Work instructions: Locate the line that contains "Image number 2" in the entries below, then repeat it and every following line through the line that contains "FUNKO POP Movies: Superman(1978)- Jor-EL", exactly, and no others.

Provided records:
>>>>>

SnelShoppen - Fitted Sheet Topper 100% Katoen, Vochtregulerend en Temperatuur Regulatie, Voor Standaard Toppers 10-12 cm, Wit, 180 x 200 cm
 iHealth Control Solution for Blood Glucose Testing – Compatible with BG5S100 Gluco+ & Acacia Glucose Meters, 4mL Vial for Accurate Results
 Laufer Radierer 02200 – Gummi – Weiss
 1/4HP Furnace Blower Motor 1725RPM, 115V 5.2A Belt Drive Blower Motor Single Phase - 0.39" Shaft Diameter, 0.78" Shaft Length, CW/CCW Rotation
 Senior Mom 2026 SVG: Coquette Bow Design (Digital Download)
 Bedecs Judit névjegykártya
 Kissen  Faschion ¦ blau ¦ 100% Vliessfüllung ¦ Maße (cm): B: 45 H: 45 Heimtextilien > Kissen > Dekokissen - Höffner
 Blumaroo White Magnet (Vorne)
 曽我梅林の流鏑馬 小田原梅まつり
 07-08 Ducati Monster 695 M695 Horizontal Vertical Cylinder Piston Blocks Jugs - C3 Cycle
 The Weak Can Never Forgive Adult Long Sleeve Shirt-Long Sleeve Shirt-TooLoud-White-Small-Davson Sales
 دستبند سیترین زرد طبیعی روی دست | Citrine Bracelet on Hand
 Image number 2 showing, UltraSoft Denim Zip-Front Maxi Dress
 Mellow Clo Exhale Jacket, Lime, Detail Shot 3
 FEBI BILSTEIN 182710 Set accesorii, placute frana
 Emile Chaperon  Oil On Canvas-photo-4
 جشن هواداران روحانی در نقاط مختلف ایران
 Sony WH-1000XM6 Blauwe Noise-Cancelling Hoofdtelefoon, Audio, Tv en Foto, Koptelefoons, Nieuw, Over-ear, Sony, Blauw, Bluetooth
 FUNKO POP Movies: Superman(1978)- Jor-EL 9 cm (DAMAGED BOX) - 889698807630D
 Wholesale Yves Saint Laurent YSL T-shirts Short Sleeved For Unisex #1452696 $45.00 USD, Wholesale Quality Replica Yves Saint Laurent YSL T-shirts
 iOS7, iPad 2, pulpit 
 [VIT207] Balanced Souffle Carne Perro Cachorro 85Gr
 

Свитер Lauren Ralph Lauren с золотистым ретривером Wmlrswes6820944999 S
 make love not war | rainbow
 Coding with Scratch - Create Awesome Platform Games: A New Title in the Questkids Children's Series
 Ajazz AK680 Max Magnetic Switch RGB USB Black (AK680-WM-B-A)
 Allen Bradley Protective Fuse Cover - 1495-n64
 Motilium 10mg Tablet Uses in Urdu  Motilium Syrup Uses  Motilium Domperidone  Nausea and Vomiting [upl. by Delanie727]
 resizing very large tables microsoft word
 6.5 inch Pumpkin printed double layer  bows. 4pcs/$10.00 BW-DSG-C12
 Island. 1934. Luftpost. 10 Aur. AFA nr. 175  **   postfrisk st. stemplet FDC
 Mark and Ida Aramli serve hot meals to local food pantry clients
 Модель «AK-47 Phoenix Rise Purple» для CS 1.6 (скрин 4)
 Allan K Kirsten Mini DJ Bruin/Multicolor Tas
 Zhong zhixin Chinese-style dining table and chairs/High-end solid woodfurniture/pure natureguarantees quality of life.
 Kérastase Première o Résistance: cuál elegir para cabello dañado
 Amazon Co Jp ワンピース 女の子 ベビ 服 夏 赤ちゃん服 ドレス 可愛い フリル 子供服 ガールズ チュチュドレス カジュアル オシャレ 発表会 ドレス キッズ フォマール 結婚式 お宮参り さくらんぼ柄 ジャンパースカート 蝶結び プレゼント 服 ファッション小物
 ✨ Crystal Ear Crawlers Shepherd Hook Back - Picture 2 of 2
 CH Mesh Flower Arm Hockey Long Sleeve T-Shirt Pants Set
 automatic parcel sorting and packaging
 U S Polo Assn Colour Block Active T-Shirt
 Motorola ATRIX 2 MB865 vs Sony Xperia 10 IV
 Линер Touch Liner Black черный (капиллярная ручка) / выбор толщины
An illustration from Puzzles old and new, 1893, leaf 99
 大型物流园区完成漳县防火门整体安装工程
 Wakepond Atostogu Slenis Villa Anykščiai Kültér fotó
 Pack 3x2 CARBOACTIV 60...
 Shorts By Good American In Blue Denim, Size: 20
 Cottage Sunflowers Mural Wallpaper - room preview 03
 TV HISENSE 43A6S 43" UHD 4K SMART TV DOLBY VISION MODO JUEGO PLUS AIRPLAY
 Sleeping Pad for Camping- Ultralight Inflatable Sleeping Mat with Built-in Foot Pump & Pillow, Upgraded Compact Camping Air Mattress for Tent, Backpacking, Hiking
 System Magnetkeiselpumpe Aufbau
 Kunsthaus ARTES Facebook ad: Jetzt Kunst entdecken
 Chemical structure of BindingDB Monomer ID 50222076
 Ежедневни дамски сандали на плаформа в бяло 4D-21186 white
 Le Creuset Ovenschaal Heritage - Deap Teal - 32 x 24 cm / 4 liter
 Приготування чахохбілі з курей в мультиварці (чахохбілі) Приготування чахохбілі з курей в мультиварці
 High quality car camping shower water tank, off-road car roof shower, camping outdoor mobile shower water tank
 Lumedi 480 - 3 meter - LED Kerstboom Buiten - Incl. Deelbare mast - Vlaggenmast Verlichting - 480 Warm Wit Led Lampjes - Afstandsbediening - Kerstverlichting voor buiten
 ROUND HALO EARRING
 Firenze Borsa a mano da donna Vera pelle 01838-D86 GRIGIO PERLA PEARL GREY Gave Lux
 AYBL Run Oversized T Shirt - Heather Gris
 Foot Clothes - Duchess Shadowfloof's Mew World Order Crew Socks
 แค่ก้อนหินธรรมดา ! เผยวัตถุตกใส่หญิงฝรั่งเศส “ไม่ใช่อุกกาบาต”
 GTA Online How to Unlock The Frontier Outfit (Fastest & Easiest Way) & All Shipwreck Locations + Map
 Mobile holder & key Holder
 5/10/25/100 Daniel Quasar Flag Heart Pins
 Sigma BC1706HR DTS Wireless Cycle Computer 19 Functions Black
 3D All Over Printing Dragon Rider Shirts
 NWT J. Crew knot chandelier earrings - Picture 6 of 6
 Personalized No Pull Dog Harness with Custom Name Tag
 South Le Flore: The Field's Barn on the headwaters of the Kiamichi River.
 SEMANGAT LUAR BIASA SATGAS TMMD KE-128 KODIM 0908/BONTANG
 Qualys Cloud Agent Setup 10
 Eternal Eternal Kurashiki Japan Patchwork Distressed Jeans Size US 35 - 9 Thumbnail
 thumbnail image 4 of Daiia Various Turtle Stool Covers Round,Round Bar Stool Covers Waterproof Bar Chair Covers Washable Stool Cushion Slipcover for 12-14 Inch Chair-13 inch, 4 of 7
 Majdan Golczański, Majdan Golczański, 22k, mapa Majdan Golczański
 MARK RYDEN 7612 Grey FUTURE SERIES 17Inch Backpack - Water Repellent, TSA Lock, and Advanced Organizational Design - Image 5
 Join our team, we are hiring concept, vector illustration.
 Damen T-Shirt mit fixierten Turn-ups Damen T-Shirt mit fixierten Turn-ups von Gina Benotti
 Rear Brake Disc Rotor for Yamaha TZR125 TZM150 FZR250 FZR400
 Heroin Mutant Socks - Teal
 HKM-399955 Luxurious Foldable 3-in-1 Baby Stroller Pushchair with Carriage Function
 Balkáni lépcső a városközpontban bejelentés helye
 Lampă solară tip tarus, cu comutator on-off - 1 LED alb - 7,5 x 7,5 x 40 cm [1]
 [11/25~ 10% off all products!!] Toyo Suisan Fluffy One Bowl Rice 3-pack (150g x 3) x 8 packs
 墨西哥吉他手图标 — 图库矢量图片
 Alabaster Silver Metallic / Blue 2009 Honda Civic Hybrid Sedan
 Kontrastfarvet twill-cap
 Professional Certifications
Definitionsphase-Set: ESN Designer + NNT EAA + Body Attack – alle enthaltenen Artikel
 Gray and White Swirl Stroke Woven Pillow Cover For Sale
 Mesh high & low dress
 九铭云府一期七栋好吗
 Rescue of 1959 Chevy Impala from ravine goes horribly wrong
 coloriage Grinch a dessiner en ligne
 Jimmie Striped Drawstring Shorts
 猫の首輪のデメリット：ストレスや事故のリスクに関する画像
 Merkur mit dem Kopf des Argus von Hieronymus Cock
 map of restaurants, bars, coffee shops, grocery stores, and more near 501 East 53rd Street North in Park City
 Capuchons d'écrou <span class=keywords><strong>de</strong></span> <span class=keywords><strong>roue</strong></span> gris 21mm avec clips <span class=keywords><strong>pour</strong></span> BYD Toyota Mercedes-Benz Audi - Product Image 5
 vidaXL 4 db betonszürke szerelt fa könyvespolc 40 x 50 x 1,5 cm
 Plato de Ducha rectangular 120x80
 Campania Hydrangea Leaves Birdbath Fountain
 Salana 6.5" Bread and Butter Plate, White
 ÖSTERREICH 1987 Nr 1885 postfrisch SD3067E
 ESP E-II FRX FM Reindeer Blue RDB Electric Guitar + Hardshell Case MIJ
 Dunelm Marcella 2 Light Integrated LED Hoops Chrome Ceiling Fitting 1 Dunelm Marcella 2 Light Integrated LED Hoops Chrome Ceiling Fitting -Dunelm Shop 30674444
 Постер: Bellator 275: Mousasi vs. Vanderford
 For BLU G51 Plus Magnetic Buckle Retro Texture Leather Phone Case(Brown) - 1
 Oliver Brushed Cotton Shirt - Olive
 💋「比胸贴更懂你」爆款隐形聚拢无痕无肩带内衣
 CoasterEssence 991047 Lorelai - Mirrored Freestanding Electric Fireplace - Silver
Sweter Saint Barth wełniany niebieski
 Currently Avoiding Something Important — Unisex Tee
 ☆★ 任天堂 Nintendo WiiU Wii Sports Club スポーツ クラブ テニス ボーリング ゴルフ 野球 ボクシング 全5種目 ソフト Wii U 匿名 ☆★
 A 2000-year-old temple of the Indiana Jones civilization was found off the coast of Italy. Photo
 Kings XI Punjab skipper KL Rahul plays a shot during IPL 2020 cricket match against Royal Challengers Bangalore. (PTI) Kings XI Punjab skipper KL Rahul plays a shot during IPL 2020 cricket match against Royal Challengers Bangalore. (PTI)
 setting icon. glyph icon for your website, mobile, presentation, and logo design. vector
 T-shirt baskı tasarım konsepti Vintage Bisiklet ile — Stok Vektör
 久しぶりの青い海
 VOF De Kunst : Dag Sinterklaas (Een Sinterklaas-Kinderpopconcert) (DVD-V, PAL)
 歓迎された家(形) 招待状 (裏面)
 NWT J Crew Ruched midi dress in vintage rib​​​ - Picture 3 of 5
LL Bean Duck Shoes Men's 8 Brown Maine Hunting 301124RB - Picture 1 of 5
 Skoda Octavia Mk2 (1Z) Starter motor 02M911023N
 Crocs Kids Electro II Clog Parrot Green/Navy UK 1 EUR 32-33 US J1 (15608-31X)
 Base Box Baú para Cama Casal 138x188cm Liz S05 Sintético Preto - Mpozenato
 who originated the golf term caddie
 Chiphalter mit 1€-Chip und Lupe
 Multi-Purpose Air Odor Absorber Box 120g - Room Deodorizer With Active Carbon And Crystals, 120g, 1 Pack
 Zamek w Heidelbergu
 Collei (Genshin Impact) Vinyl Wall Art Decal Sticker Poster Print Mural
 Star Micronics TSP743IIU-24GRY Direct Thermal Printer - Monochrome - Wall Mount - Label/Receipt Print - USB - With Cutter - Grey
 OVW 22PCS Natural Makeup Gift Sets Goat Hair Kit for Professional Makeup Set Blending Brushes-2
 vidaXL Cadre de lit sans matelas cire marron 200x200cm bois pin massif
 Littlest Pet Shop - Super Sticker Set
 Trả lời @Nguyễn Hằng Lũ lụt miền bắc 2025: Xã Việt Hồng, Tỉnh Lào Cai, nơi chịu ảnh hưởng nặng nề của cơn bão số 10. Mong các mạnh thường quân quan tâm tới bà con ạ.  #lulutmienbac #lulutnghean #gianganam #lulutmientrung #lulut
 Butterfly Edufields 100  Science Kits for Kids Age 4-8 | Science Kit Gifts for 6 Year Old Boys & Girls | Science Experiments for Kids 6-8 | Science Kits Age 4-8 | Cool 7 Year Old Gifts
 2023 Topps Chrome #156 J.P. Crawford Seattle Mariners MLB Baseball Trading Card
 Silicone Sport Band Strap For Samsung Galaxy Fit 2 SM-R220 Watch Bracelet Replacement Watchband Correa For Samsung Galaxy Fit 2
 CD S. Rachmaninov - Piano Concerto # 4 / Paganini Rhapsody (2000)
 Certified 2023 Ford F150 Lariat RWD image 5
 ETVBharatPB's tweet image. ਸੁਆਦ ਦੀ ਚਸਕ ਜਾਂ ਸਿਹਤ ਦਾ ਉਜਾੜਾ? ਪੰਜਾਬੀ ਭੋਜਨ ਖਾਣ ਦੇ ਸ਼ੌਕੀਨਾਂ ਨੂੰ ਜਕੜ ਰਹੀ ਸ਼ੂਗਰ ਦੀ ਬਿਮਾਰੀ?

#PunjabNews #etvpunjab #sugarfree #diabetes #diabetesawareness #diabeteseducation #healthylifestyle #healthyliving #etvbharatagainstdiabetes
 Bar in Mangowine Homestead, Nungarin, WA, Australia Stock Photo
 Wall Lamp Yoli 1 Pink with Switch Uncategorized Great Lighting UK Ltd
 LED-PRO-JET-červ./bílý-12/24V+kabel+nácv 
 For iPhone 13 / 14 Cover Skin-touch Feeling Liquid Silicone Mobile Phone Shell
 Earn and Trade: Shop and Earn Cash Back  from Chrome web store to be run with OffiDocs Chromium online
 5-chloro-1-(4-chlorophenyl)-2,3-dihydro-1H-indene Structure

<<<<<

Written answer:
 Image number 2 showing, UltraSoft Denim Zip-Front Maxi Dress
 Mellow Clo Exhale Jacket, Lime, Detail Shot 3
 FEBI BILSTEIN 182710 Set accesorii, placute frana
 Emile Chaperon  Oil On Canvas-photo-4
 جشن هواداران روحانی در نقاط مختلف ایران
 Sony WH-1000XM6 Blauwe Noise-Cancelling Hoofdtelefoon, Audio, Tv en Foto, Koptelefoons, Nieuw, Over-ear, Sony, Blauw, Bluetooth
 FUNKO POP Movies: Superman(1978)- Jor-EL 9 cm (DAMAGED BOX) - 889698807630D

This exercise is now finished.